Pro-Life Wisconsin Renews ‘Personhood’ Effort
With several abortion restrictions on hold, anti-choice activists are using their down time to prepare for a new push to grant legal rights to fertilized eggs via a "personhood" measure.
AB 227, a Wisconsin forced ultrasound bill that would also require abortion doctors to have admitting privileges at a local hospital, is on hold while parties await a hearing to argue its constitutionality. A number of other restrictions that were proposed in the Wisconsin legislature did not pass before recess and will not return until at least September. But anti-choice activists in the state aren’t taking a vacation, even if the politicians are. Instead, they are using their down time to prepare for a new push to grant legal rights to fertilized eggs via a “personhood” measure.
According to Pro-Life Wisconsin, the state’s most extreme anti-choice action group, state Rep. Andre Jacque (R-Green Bay) is gathering legislative sponsors to assist him in introducing a “personhood” bill once the legislature returns. Rep. Jacque was behind a number of anti-choice bills that were introduced this year, including one that would mandate how “fetal remains” are disposed of, one to ban insurance coverage of abortions for state employees, and another to provide taxpayer funds to deceptive crisis pregnancy centers.
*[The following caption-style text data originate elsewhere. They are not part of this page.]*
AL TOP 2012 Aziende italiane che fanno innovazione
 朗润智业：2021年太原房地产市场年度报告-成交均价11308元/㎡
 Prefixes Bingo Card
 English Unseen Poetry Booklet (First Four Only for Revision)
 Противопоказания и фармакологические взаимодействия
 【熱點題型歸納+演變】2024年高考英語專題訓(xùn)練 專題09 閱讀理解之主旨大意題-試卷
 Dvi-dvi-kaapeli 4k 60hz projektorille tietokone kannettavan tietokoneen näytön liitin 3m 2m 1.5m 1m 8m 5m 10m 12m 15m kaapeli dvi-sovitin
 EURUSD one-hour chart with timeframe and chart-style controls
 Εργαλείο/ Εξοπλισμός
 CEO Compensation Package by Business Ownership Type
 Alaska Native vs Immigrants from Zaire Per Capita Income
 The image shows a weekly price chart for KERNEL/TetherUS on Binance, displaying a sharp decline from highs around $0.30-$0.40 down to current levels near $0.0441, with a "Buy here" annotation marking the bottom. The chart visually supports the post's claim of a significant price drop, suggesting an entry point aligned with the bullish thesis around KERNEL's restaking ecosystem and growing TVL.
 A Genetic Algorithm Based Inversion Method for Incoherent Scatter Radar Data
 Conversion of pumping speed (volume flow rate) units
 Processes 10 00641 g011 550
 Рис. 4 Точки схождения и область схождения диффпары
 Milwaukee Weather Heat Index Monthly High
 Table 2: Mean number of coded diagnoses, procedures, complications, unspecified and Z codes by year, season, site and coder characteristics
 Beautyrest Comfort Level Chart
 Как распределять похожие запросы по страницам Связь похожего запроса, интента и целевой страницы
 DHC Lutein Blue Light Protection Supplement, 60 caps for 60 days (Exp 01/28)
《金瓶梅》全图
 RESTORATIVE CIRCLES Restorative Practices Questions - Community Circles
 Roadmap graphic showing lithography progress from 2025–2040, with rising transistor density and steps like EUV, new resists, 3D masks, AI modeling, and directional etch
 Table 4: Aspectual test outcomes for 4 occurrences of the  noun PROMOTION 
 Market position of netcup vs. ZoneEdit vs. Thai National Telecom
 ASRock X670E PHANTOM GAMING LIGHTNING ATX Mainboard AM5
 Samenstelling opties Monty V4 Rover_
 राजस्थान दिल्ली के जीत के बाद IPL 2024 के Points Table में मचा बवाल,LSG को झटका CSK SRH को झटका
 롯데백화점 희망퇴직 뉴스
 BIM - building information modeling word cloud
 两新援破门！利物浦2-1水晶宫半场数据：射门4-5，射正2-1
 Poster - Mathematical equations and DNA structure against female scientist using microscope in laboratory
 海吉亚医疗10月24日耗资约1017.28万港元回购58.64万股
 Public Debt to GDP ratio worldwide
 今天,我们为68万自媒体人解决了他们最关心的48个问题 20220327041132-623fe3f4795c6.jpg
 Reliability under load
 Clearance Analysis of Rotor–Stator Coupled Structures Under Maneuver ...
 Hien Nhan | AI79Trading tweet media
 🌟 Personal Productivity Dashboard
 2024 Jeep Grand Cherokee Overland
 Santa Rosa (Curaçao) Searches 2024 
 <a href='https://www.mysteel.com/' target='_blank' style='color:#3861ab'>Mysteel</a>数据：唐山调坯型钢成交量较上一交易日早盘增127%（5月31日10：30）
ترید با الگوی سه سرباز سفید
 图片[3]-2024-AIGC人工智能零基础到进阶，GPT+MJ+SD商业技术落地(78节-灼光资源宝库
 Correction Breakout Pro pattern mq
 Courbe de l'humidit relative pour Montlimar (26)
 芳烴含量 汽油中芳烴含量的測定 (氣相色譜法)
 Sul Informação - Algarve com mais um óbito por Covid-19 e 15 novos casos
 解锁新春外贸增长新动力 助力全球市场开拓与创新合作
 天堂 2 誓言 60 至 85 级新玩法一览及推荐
Rep. Jacque announced in April his intention to bring a “personhood” bill to the floor this session. But although a number of restrictions were introduced, “personhood” wasn’t among them. Now, Pro-Life Wisconsin is asking its supporters to contact their representatives, urging them to sign on to Jacque’s bill as co-sponsors.
Pro-Life Wisconsin also lent its technical assistance to the campaign by creating a new “personhood” website. The site reads:
The amendment extends the inalienable right to life already found in the Wisconsin Constitution to all preborn children from the beginning of their lives. It seeks to end abortion in Wisconsin, not to regulate or restrict it. It seeks to end all violence toward preborn children in Wisconsin – surgical, chemical, experimental, etc. – at all stages of development.
Although the site doesn’t specifically say it will ban hormonal contraception or intrauterine devices (IUDs), it does cite Personhood USA in its frequently asked question” section; in response to a question about whether birth control will be banned under “personhood,” the group says a “personhood” law wouldn’t ban all contraception—”only birth control devices that kill an unborn human being.” However, Pro-Life Wisconsin believes that hormonal birth control does exactly that.
So far no organized “personhood” effort has resulted in a law. Wisconsin may be no different, as the amendment is being opposed not just by reproductive rights advocates but by anti-choice groups, too. Leading the charge is Wisconsin Right to Life, which published its own website and video outlining the reasons why a “personhood amendment strategy is not necessary, risky—and just plain wrong for Wisconsin.” In the video, Sue Armacost, president of Wisconsin Right to Life, says that a “personhood” amendment could undermine the state’s existing abortion ban. Also of concern is the amount of money it would cost not only to gather the public support necessary to pass the amendment, but to defend it in court when it is inevitably challenged.
“Honestly, sometimes an idea is just too good to be true,” concludes Armacost, who says the effort would “cause more harm than good.”
Whether the opposition of their own allies remains enough to persuade Pro-Life Wisconsin and Rep. Jacque not to continue remains to be seen, likely until the legislature meets again in September.